Move the printf() Call to a Seperate Function Named output(), and Call that Function From main()

Moving the function for this is straight forward. All that seems to happens is that the output() function has its own section that main calls upon.

 

Remove the -O0 and Add -O3 to the GCC options

Any -OX command allows for optimization to be applied to the program. X being the level of optimization, where 0 is the minimal level of optimization and 3 is the most optimized. -O3 has the potential to break your program as it goes above and beyond to make sure it is optimized. From -O0 to -O3 different options are turned on automatically for the developer but they can also enable these options themselves for better control and choice.

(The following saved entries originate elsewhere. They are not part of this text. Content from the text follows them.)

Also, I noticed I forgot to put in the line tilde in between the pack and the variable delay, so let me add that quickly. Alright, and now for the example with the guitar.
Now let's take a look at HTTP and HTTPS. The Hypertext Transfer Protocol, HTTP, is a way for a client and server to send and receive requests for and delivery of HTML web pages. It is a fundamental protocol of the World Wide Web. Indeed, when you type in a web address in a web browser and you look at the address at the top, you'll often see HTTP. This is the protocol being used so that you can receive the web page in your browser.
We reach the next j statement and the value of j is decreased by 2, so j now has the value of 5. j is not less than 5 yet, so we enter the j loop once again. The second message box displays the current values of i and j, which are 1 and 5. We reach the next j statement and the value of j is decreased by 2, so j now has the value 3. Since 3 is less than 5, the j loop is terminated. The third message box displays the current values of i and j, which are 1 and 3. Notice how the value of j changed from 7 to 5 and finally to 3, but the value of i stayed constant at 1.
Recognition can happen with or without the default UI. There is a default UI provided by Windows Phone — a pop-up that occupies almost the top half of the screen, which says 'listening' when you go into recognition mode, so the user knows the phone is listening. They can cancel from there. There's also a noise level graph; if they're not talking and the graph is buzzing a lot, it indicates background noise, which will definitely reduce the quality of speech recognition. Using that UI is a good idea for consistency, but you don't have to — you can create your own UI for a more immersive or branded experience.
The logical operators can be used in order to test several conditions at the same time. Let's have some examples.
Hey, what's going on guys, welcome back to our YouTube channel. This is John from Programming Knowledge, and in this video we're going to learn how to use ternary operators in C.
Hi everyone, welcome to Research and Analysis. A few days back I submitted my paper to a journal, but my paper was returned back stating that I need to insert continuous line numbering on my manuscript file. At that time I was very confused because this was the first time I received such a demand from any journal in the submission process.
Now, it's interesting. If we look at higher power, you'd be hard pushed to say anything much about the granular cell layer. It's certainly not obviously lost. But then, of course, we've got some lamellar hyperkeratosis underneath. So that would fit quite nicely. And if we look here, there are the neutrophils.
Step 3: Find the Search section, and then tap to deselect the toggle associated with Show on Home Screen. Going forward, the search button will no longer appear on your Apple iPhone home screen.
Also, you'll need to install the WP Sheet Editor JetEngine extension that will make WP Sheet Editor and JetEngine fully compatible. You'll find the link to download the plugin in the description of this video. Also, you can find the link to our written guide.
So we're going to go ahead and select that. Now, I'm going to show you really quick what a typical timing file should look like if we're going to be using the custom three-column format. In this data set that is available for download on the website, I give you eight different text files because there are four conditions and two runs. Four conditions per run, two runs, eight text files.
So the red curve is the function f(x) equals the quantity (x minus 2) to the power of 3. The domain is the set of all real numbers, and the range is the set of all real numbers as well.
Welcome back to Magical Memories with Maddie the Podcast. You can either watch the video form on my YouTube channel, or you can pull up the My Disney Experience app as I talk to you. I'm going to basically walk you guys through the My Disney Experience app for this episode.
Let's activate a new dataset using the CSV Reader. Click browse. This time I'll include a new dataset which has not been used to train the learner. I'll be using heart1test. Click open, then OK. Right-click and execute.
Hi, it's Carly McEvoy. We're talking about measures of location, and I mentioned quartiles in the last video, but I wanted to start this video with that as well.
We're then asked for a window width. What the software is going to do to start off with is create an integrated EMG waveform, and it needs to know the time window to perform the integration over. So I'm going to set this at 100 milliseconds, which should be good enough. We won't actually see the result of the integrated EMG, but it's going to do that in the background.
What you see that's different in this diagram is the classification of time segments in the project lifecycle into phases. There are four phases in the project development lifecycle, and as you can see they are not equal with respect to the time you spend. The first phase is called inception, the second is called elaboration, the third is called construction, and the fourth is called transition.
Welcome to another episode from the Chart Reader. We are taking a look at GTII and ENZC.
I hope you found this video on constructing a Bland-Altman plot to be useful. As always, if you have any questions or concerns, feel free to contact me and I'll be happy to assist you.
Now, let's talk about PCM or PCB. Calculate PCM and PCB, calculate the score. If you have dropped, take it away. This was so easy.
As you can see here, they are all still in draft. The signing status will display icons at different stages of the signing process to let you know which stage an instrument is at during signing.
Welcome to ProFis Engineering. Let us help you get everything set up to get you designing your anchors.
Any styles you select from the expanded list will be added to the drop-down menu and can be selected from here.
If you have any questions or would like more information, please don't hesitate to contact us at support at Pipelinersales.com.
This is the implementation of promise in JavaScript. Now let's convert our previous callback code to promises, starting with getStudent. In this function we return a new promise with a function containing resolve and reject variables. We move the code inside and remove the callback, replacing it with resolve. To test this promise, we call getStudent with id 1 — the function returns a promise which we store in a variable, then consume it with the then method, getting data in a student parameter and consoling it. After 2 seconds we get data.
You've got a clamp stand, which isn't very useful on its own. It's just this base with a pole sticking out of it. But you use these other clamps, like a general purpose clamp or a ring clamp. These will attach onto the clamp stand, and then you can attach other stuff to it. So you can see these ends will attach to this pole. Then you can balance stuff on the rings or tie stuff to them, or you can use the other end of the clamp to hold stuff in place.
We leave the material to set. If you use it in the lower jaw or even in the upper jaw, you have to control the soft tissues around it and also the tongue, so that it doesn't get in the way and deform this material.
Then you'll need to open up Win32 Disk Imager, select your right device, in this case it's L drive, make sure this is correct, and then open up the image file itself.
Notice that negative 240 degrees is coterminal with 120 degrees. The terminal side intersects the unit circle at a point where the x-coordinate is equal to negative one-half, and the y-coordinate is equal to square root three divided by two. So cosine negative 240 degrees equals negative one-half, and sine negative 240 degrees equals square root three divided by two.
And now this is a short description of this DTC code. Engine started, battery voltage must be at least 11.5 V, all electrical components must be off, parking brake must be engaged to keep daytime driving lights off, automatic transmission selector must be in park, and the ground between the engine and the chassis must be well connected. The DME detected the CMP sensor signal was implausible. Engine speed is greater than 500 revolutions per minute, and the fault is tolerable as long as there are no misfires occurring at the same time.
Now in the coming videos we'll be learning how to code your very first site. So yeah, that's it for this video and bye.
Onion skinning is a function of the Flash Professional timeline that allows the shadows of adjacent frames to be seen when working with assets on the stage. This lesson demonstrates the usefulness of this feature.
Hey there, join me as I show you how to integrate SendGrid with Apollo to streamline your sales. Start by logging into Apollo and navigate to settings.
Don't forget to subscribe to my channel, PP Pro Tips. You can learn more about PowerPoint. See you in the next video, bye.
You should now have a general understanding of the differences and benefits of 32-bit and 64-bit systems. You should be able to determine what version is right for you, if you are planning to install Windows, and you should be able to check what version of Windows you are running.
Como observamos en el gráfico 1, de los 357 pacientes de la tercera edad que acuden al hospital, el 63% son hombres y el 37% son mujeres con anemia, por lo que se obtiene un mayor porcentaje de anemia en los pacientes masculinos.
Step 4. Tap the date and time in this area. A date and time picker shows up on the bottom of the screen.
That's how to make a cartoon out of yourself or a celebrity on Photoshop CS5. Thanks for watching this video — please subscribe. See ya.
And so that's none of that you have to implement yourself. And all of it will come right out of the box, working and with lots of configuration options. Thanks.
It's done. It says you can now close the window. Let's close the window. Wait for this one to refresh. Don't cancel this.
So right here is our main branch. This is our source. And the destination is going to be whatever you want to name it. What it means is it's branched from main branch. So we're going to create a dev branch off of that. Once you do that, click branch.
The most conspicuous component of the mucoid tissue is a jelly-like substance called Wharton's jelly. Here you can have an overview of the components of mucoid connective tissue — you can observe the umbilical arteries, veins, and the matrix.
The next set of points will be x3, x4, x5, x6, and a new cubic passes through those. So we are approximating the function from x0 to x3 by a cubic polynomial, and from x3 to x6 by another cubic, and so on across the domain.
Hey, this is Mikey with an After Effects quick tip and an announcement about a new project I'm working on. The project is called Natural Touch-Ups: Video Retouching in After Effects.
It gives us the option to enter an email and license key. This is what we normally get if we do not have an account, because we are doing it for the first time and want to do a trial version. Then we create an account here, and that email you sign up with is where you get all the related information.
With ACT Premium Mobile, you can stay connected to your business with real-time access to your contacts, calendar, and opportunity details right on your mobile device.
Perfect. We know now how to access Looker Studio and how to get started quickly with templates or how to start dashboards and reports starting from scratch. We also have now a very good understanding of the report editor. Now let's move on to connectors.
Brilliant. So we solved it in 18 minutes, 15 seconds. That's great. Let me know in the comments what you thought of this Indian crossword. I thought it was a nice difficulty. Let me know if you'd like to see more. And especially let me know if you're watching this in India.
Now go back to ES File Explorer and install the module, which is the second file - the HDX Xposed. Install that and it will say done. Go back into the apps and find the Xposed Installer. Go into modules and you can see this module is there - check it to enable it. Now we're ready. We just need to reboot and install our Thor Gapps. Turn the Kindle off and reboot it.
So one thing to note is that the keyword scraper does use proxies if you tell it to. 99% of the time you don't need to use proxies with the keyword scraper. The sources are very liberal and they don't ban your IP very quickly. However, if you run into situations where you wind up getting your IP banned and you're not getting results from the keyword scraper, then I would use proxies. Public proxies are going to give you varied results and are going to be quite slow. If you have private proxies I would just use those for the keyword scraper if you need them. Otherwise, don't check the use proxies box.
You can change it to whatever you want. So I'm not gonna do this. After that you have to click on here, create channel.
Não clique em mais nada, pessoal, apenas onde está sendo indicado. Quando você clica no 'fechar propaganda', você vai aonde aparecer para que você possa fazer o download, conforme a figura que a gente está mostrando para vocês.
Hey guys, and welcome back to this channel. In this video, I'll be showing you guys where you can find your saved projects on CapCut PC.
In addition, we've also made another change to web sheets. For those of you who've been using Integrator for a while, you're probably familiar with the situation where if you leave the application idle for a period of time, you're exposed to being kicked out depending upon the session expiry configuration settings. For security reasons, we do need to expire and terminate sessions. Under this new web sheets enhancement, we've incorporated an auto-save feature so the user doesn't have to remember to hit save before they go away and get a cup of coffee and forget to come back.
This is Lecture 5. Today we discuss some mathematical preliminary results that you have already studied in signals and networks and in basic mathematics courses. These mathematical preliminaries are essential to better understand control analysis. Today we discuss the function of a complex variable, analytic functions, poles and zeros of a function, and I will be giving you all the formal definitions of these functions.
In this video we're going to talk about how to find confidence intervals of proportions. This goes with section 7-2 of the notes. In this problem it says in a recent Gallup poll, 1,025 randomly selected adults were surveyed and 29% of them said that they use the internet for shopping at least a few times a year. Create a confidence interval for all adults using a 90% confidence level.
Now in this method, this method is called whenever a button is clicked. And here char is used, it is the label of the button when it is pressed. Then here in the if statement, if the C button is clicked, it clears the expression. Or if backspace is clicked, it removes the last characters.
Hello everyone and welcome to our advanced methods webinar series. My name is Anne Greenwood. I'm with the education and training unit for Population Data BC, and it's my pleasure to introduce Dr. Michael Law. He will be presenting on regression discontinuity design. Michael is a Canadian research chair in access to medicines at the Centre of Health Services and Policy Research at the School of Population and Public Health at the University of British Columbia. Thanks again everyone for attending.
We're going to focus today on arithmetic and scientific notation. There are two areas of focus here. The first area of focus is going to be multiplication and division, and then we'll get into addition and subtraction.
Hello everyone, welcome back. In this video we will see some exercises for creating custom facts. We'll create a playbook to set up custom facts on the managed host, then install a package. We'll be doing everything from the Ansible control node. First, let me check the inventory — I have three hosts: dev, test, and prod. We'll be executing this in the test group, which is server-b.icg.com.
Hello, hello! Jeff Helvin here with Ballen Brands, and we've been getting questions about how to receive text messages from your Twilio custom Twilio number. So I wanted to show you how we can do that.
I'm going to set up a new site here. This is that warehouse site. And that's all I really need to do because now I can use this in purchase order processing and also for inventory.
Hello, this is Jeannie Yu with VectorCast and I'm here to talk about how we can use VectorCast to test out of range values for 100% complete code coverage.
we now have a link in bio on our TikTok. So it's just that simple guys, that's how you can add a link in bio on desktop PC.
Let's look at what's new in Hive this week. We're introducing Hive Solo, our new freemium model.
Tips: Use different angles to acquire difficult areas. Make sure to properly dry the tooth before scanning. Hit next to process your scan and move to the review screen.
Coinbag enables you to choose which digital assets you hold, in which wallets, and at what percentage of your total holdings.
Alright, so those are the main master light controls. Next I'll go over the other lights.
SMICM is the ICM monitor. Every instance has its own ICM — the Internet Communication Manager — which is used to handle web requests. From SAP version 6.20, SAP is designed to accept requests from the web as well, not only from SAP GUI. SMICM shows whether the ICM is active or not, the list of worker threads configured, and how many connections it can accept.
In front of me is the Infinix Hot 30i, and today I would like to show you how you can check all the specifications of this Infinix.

Here are the important differences in main(-O3 vs -O0):

int main() {
    printf("Hello World!\n");
  400410:       bf a0 05 40 00          mov    $0x4005a0,%edi
  400415:       31 c0                   xor    %eax,%eax
  400417:       e9 c4 ff ff ff          jmpq   4003e0 <printf@plt>

and

int main() {
  400500:       55                      push   %rbp
  400501:       48 89 e5                mov    %rsp,%rbp
    printf("Hello World!\n");
  400504:       bf b0 05 40 00          mov    $0x4005b0,%edi
  400509:       b8 00 00 00 00          mov    $0x0,%eax
  40050e:       e8 cd fe ff ff          callq  4003e0 <printf@plt>
}
  400513:       5d                      pop    %rbp
  400514:       c3                      retq
  400515:       66 2e 0f 1f 84 00 00    nopw   %cs:0x0(%rax,%rax,1)
  40051c:       00 00 00
  40051f:       90                      nop

As you can see, -O3 accomplishes the same task in less code than -O0.